We’ve all found ourselves staring at a new employee packet at least once in our careers. Depending on the size and organization of the company, it may have consisted of several stapled sheets of paper or an impressive binder with everything from branding guidelines to a full-color brochure of area attractions and landmarks.
Whatever the case, the time and money spent immersing new employees on the expectations, standards, goals and culture of an organization impacts a company’s bottom line.
According to a report published by the Society for Human Resource Management (SHRM) titled "Onboarding New Employees: Maximizing Success," half of all senior hires fail within 18 months in a new position, and half of all hourly workers leave new jobs within the first 120 days. What is the solution to this costly attrition rate? The report points to efficient onboarding practices as the most critical to employee retention (after effective recruitment and screening processes) while observing “the faster new hires feel welcome and prepared for their jobs, the faster they will be able to successfully contribute to the firm’s mission.”
Though the Internet is teaming with insight to distinguish the most effective onboarding practices, a single technological concept is enabling business to put these fruitful plans into action: HR automation – converting time-consuming, paper-based HR processes into computer-based models.

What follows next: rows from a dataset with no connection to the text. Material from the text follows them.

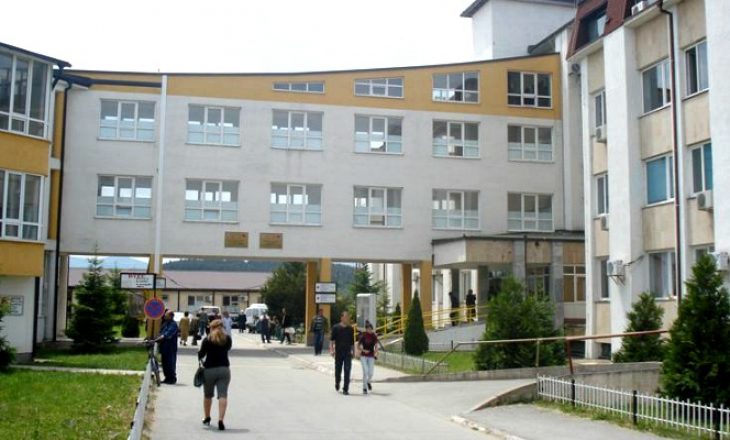 Spitali i Gjakovës pezullon operacionet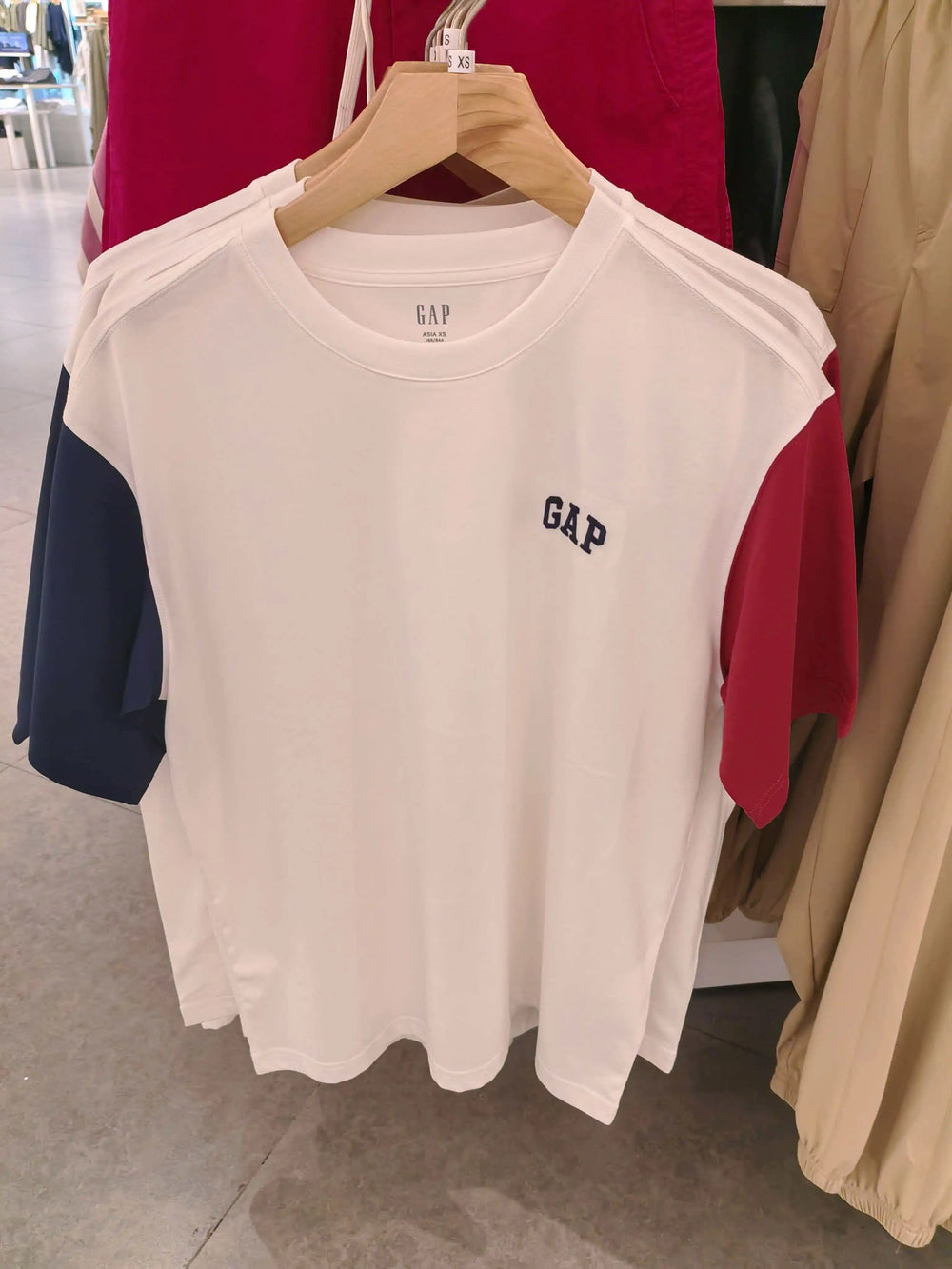 Gap men's and women's 2026 summer new moisture absorbing quick drying cool feeling logo loose round neck short sleeved T-shirt 891408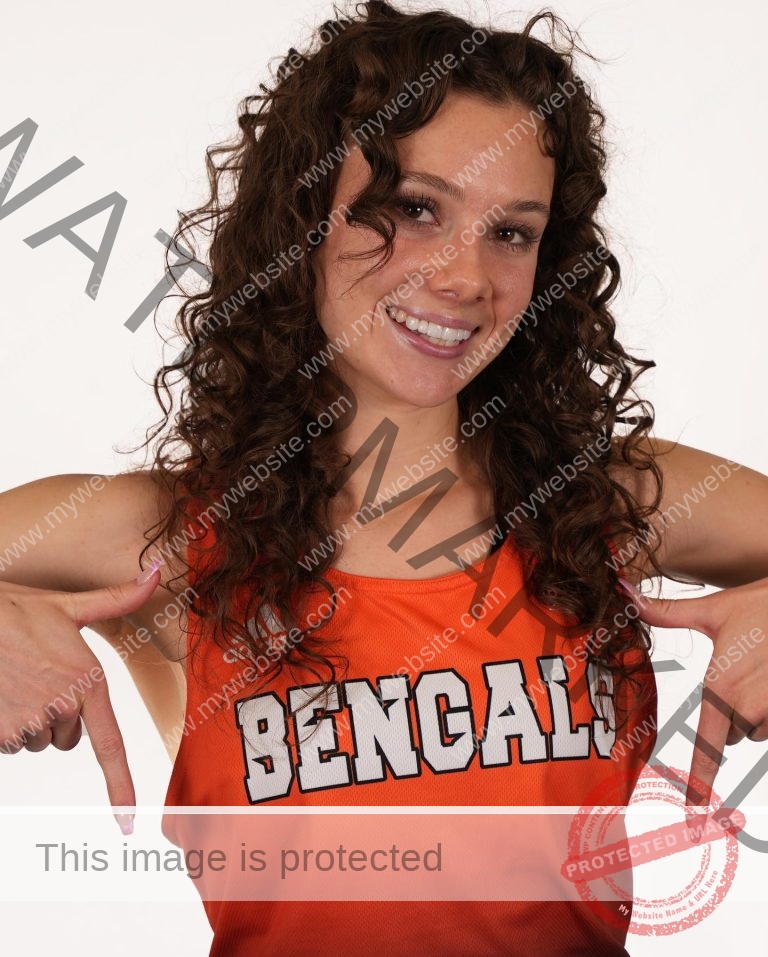 Alexandra Johnson US Fan Club! (USA, @alexandra__track)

Here’s some sample onboarding advice and how managers are cutting new employee onboard time considerably using HR automation.
Design a well-planned onboarding procedure
A well-planned onboarding procedure is one that evolves over time and can be executed in stages. Some companies have onboarding programs that span up to two years. HR automation allows this staggered interaction to be achieved by creating online, manageable repositories of information. Not only is this more efficient from a records management/compliance perspective, but from a relationship angle as well. The ability to automate HR-to-employee communications like scheduling orientations and/or sending periodic, predetermined messaging with content relative to the employee’s position can quickly build trust and rapport.
Emphasize quality interactions
HR is truly the emotional epicenter of an organization. A company’s relationship with each individual employee cannot rely on what time of day a question is asked, or who in HR picks up the phone. Even the best HR team can’t do it all. By automating everyday tasks, HR members can spend more time on quality interactions including those that are more sensitive and personal in nature.
Gain support from multiple organizational resources
By automating HR resources and functions, HR teams can open up entirely new ways for engaging company-wide. No longer does a manager have to turn a new employee away with the comment “ask HR” or spend business-critical time finding the answer themselves. HR automation elevates the awareness of HR programs and activity while transforming the tedious into organized, transparent processes. Ultimately, these refined processes make onboarding the new employee less like an arduous set of disconnected tasks and more resembling of an ongoing conversation that is both streamlined and engaging.